Given that stage 1 is clearly not nice and legal, I’d have to say no.
What would actually happen, of course, is that the Secret Service or the military would kill the president and then wait for his successor to pardon them.
Sure, except that the hypothetical envisions that the populace will robotically accept the Supreme-Court-Of-One’s rulings. So if the Court were to rule that the “Years” mentioned in the 22nd Amendment were Martian years of 780 days each, he’d have some wriggle room, especially when his third term begins with his election to the Vice Presidency and then his near-immediate ascent to the Presidency after the resignation of his patsy candidiate.
Look, a key part of your “Is this legal?” question includes a Supreme Court that will declare that it’s all legal. So the President then can happily murder anyone, or quarter soldiers in private homes during peacetime, or whatever. If you hold to the view that the law is whatever the Supreme Court says, if you’ve got a fascist Supreme Court that will declare that Sunday is Friday, then by that definition it is legally Friday.
Of course, that’s nonsense. For a law to be effective, you have to have the consent of the governed. That means the citizenry either has to agree to obey the law, or you use force to make them obey the law. And since in your scenario the citizenry hasn’t turned fascist, and the military isn’t enforcing the President’s orders by force, then no, it wouldn’t be legal.
I don’t believe the Attorney General has the power or the authority to unilaterally move a case to federal court. Even if the AG opts to charge someone accused of murder (a state crime) with, say, civil rights violations, that does not supersede the individual state’s power to prosecute. And if all this happened, you can bet the state AGs would decline to surrender custody of any hit squad member they ahd arrested.
This is what I was going to say. There is no such power.
See, I KNEW you had both brains & beauty!
I was going to trash the idea that he is elected to VP then becomes President a third term, but you’re right. Looking at the 22nd, it only limits how many terms a President can be elected to, not how many terms he ascends to office through resignation. I think, but do not know for sure, that you can not be elected to VP if you are unable to be elected to President. However, the line of succession goes beyond VP if the guy really wanted to do this.

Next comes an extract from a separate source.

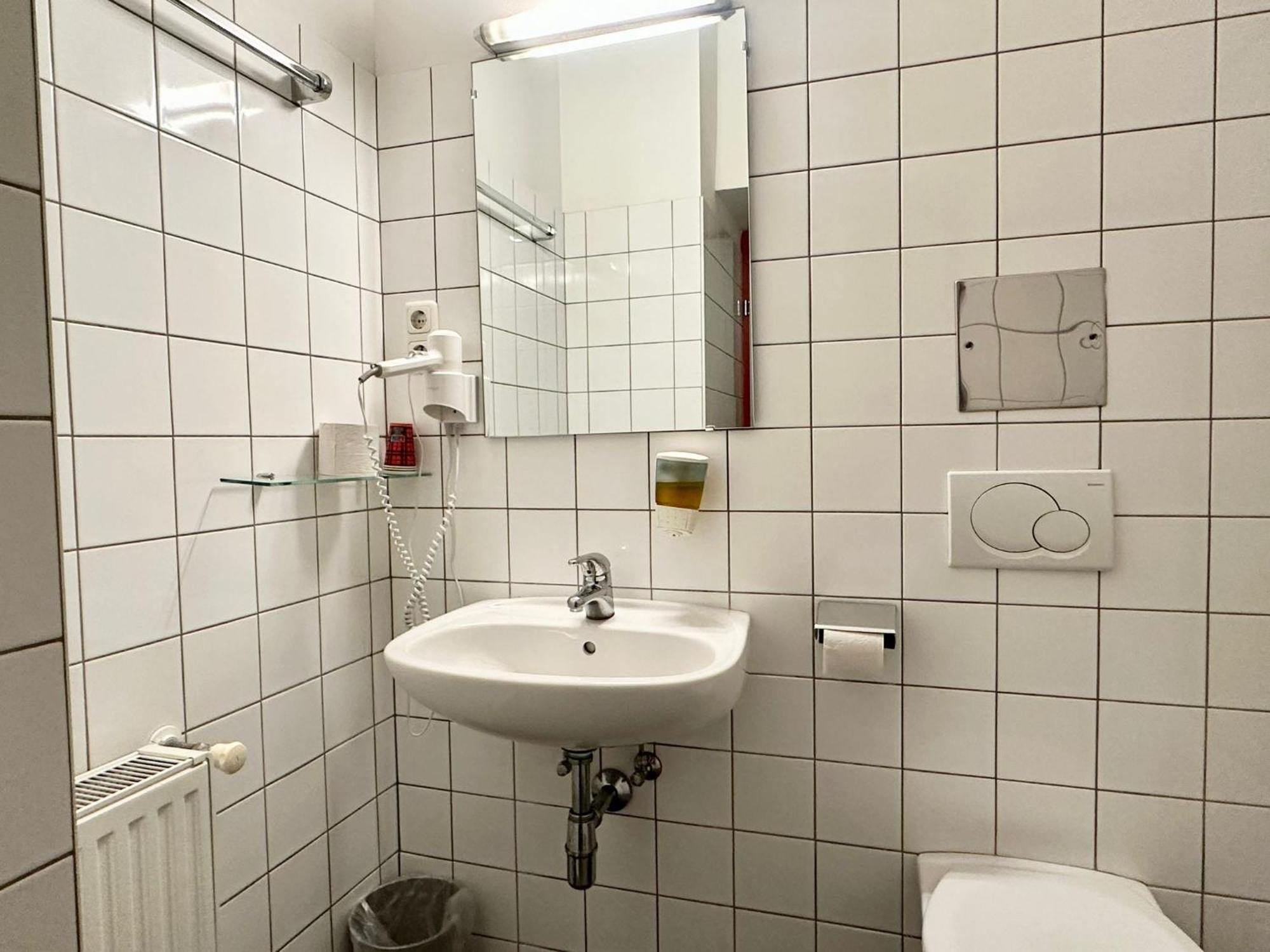 Very Central, 5 Min To City Center, Self Check In Vienna Exterior photo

Which does bring to mind a question. Ignore the hypothetical of wife as SCOTUS and 2 congressmen and so on. Lets go with a more realistic (but still pretty out there) scenario. Assume Obama gets re-elected in 2012. In 2016 the new President decides he needs Obama’s experience, so Obama becomes Secretary of State. Then that mass terrorist event people fantasize about happens and the President, VP, Speaker of the House, and President pro tempore of the Senate are killed simultaneously. Next in the order of succession is the sec of state. So, under this situation, could Obama serve a third term?
I know currently that when someone who is unqualified to be President (not native born usually) is in a position within the order of succession, they’re just skipped. I don’t know if serving two terms as President would be treated the same though.

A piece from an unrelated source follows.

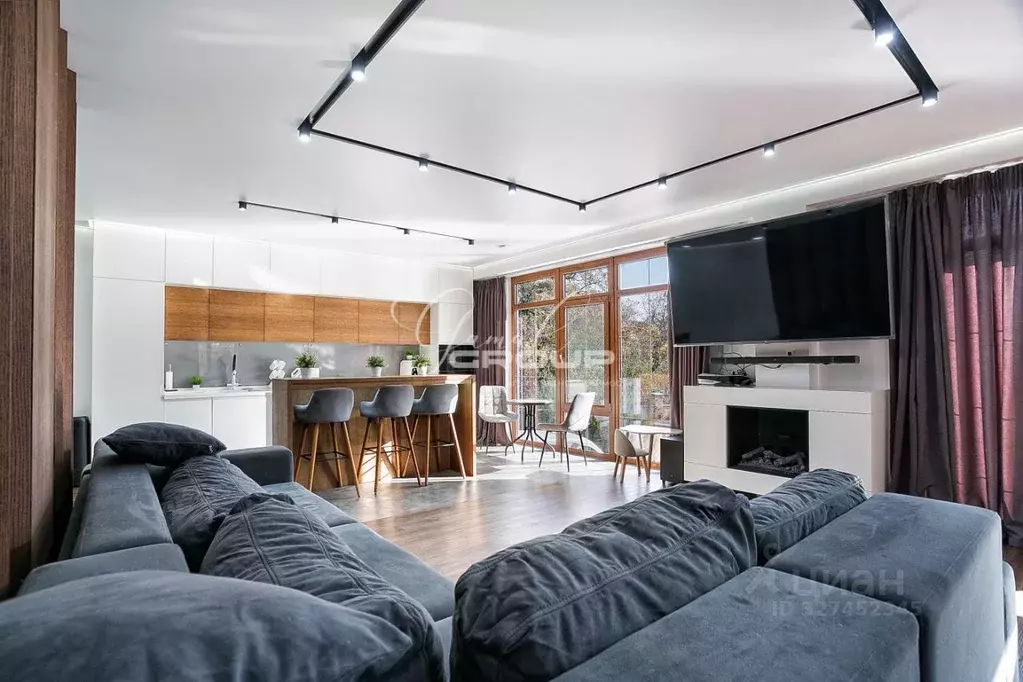 Дом в Крым, Ялта муниципальный округ, Восход пгт ул. Авроры, 55 (285 ... - Фото 1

Here is the text of the twenty-second amendment to the Constitution:
It says elected to the office, not serve as. But I will leave it to others to interpret this.
Don’t. Give. Tom. Clancy. Any. Ideas.
It is not required of anyone to read Tom Clancy novels.
We’ll note it. BTW, your right tire is a little low.
Best wishes,
hh
Don’t you mean:
YOUR RIGHT TIRE IS A LITTLE LOW
I AM TYPING THIS FROM MY SECRETAGENT CAR IN MY DRIVEWAY
No, E-Sabbath, I meant what I wrote!
Typed from hh’s secretagent car in his driveway
Ah, your phone with a connection to the internet has been upgraded to include lowercase.
It’s legally murky whether someone who has been elected to two terms as President can be elected Vice President. I think most lawyers come down on the side of “beats the hell out of me”, with the remainder fairly evenly split between “can” and “can’t”.
I don’t think most lawyers think it’s very murky at all. Regardless of any possible ambiguity in the language, it seems to me pretty well accepted that the intent of the amendments are to say that if you aren’t eligible to be elected president, you also aren’t eligible to be elected vice president.
:dubious: First things first, please:
What happens when they walk into a bar?